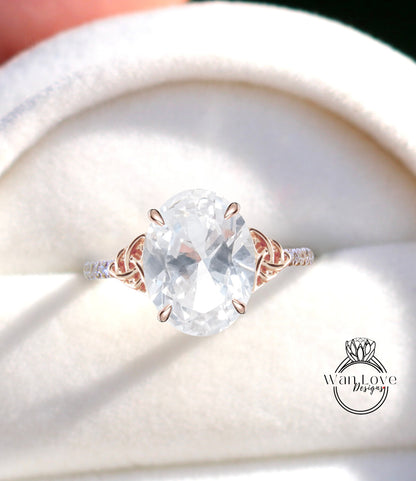 White Sapphire & Diamond Celtic Knot Oval Engagement Ring, Custom, Wedding, Double,14k 18k White Yellow Rose Gold,Platinum, Anniversary Gift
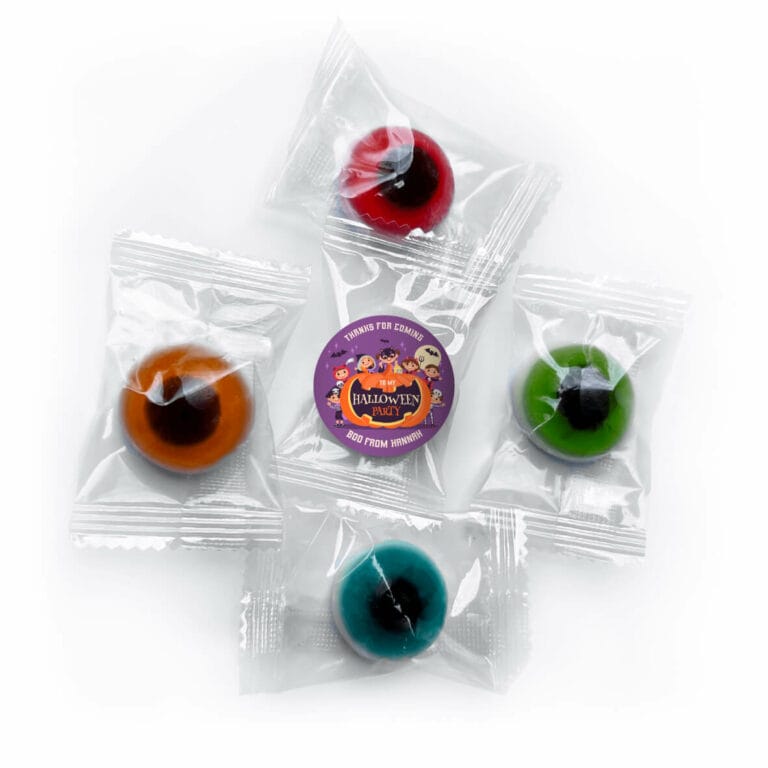 Halloween Purple Party Personalised Gummy Lolly Eyeballs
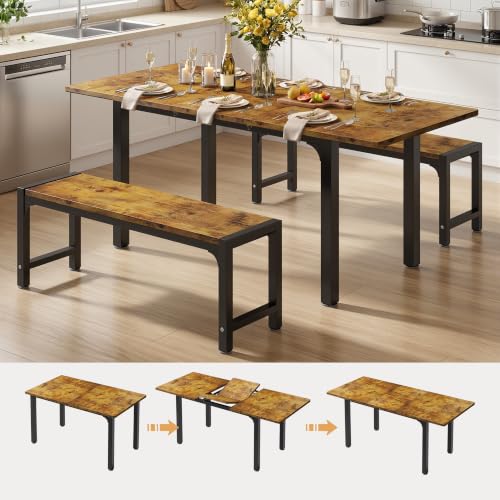 63“ Extendable Dining Table Set with 180° Smart-Flip Pivot, Retro | Dining Table Set for 4,Kitchen Table with Bench,Small Dining Table,Perfect for Small Space,Dinner Room Table Set for 6 - color: Rustic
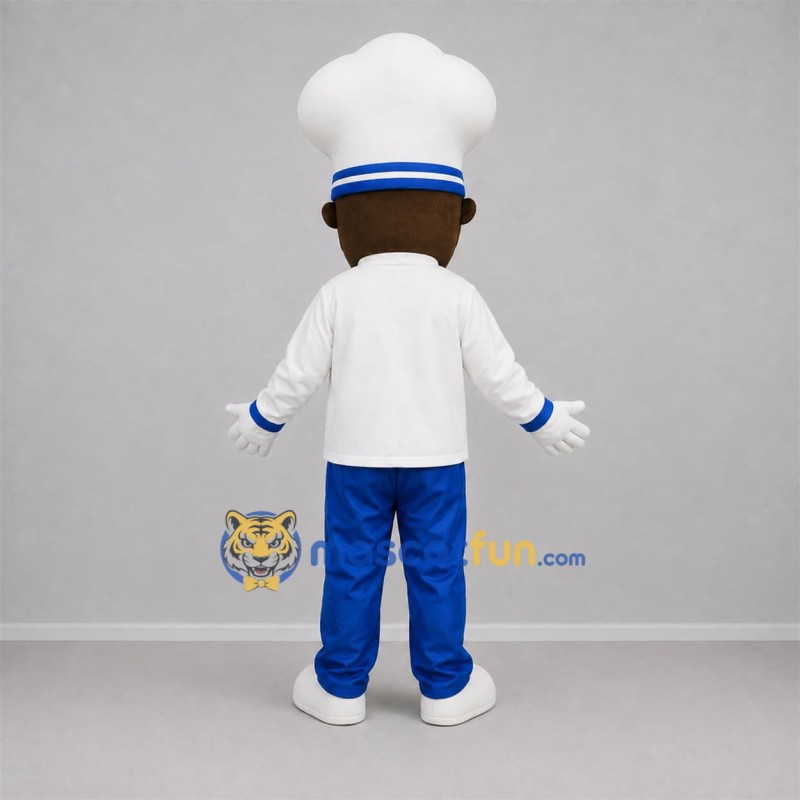 Custom White and Blue Chef Mascot Costume Adult Full Body Suit for Food Festivals Custom White and Blue Chef Mascot Costume Adult Full Body Suit for Food Festivals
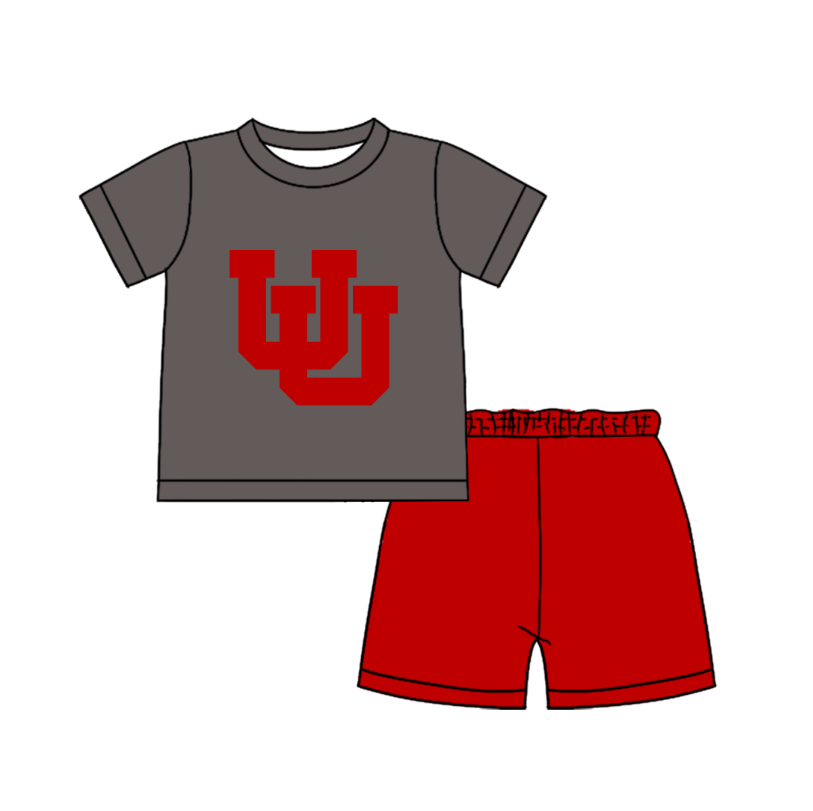 CUSTOM MOQ 5 Cute Comfortable Clothing For Boys Baby Boys Summer Gray U Top Shorts Clothes Sets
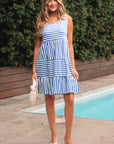 Ellie Stripe U Neck Sleeveless Loose Fit Mini Dress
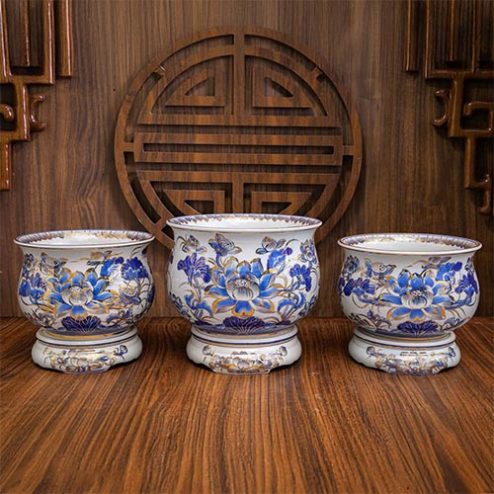 Bát Hương Lựu Vuốt Tay Men Lam Vẽ Vàng Cao Cấp DT1051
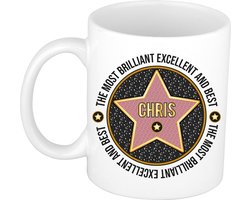 Bellatio Decorations Naam mok Chris - wit - Most Brilliant - keramiek - 300 ml - collega beker - cadeau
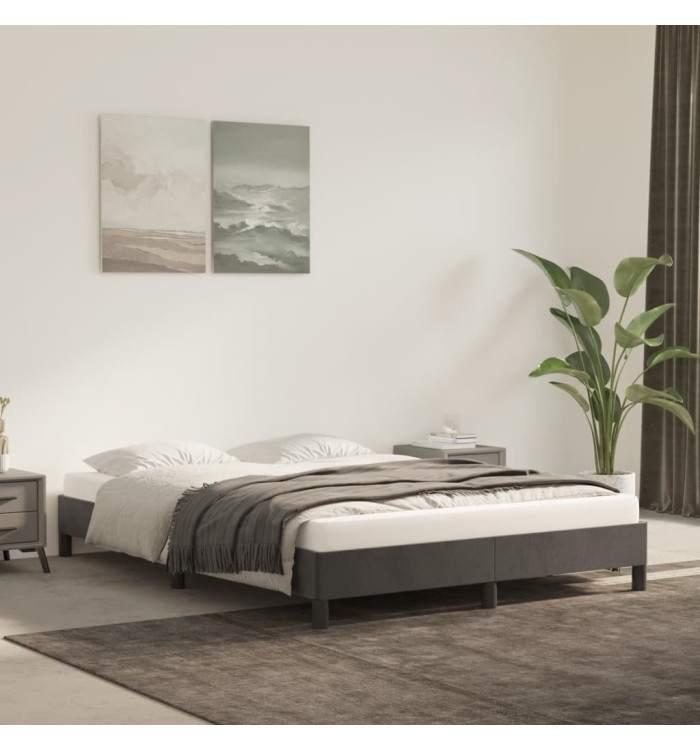 Cadre de lit sans matelas gris foncé 140x200 cm velours | Mobilier & Déco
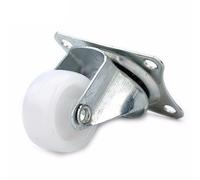 4PCS Universal Swivel Casters 1.5" Wheels Castor White PP Nylon Dual Roller Bearing Wheel for Platform Trolley Chair (Color : White, Size : 1.0 Inch)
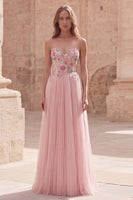 Laden Sie das Bild in den Galerie-Viewer, Glitzerndes pinkes A-Line-Sweetheart Applikiertes Tüll-Abschlussballkleid mit Perlen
|---|
Exercise requirements
When you copy the data, keep every line exact and drop the pictures.

Task result
 White Sapphire & Diamond Celtic Knot Oval Engagement Ring, Custom, Wedding, Double,14k 18k White Yellow Rose Gold,Platinum, Anniversary Gift
 Halloween Purple Party Personalised Gummy Lolly Eyeballs
 63“ Extendable Dining Table Set with 180° Smart-Flip Pivot, Retro | Dining Table Set for 4,Kitchen Table with Bench,Small Dining Table,Perfect for Small Space,Dinner Room Table Set for 6 - color: Rustic
 Custom White and Blue Chef Mascot Costume Adult Full Body Suit for Food Festivals Custom White and Blue Chef Mascot Costume Adult Full Body Suit for Food Festivals
 CUSTOM MOQ 5 Cute Comfortable Clothing For Boys Baby Boys Summer Gray U Top Shorts Clothes Sets
 Ellie Stripe U Neck Sleeveless Loose Fit Mini Dress
 Bát Hương Lựu Vuốt Tay Men Lam Vẽ Vàng Cao Cấp DT1051
 Bellatio Decorations Naam mok Chris - wit - Most Brilliant - keramiek - 300 ml - collega beker - cadeau
 Cadre de lit sans matelas gris foncé 140x200 cm velours | Mobilier & Déco
 4PCS Universal Swivel Casters 1.5" Wheels Castor White PP Nylon Dual Roller Bearing Wheel for Platform Trolley Chair (Color : White, Size : 1.0 Inch)
 Laden Sie das Bild in den Galerie-Viewer, Glitzerndes pinkes A-Line-Sweetheart Applikiertes Tüll-Abschlussballkleid mit Perlen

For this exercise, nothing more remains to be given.